Rick Fienberg / TravelQuest International / Wilderness Travel
The "Diamond Ring"
The "diamond ring" appears just before the beginning of totality, when a single bright point of Sunlight — the diamond — shines through a deep valley on the Moon's limb (edge) and the inner corona — the ring — becomes visible. As the diamond vanishes, it's safe to remove your solar filters. A second diamond ring appears at the end of totality when a deep valley on the opposite side of the retreating Moon exposes a single bead of bright Sunlight that begins to wash out the corona. Put your filters back on!
But what about totality itself? Sounding like the trailer to a horror movie, but much more impressive and considerably less dangerous: day will turn into night, birds may stop singing, sunset will appear all around you, stars and planets will become visible in the darkened sky, and the otherwise hidden solar corona will become visible as white rays streaming out from around the dark lunar disk.

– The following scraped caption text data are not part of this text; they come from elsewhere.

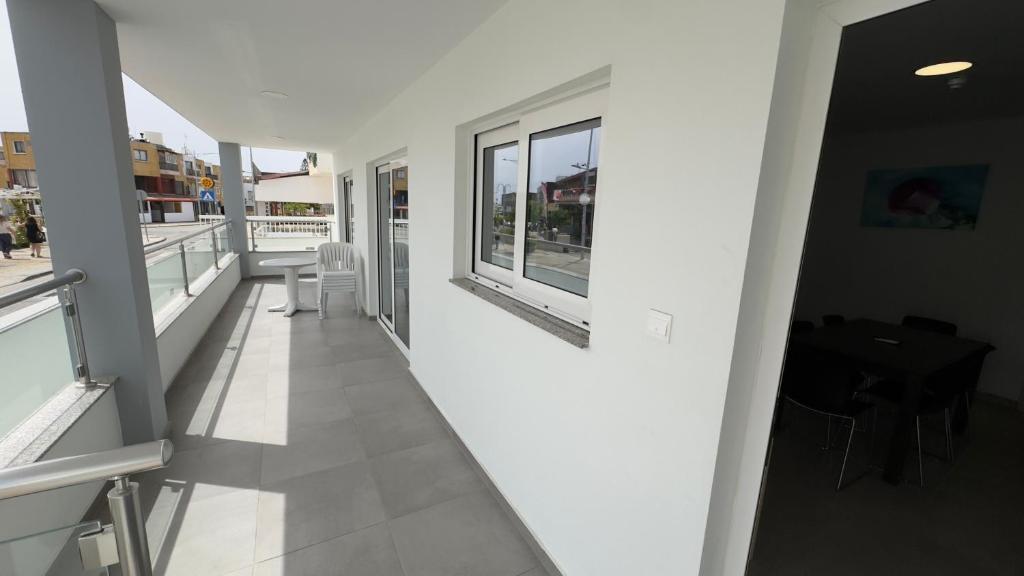 Mūsdienīgs balkons ar skatu uz ielu, aprīkots ar ērtu galdu un krēslu, un gaišām sienām. Ideāla vieta relaksācijai un baudīšanai.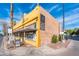 A corner building with a brick side and painted front, a sign on the corner reads 'Lola Coffee Open' at 231 W Portland St, Phoenix, AZ 85003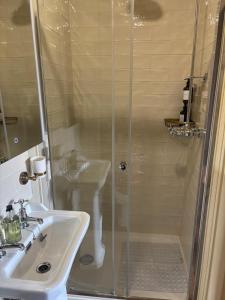 a bathroom with a shower and a sink at The Brontë Birthplace in Thornton +51 photos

A total solar eclipse is truly one of nature’s most amazing sights. As you get swept away, don’t forget that once the sunlight starts appearing from around the Moon, you need to put solar glasses back on.
Dennis di Cicco / Sky & Telescope
Totality as seen from Easter Island on July 11, 2010
This is a composite of short, medium, and long exposures, as no single exposure can capture the huge range of brightness exhibited by the solar corona. No filter was used during the exposures.
Let me emphasize that in terms of viewing there is a huge difference between being where the Moon blocks 100% of the Sun, the path of totality, or being where the Moon blocks 99% of the Sun. That little bit of sunlight will wipe out the more profound effects that would be seen on the totality.
Eclipses can be predicted very far in advance very accurately, but weather cannot. The specter of disappointment wields the weapon of clouds. Just a forewarning that if you do everything else right, weather can still block out an eclipse. So what are your opportunities if weather defeats you this time? Or if you just love it so much that you want to watch as many eclipses as you can? For every total solar eclipse, there are tours that will take you to the locations you need to go even if those are viewing from cruise ships in the middle of an ocean. There are people that love the experience so much that they will hunt down every possible solar eclipse.
The next total solar eclipse is July 2, 2019 and it will be visible from portions of Argentina and Chile. Those of us in America also don’t need to wait too long for another American total solar eclipse, at least as these things go. April 8, 2024 a total solar eclipse will cross the central United States as well as portions Mexico and Canada. Also, keep in mind that there will also be numerous online streaming events that you can follow live during the solar eclipse.
Solar eclipses, particularly total solar eclipses, are spectacular displays put on by the cosmos. It may be challenging to get reservations along the path of totality at this point, but well worth the effort. Whether you are able to watch the partial eclipse, the total eclipse, or have to watch online, I hope you enjoy this cosmic spectacle.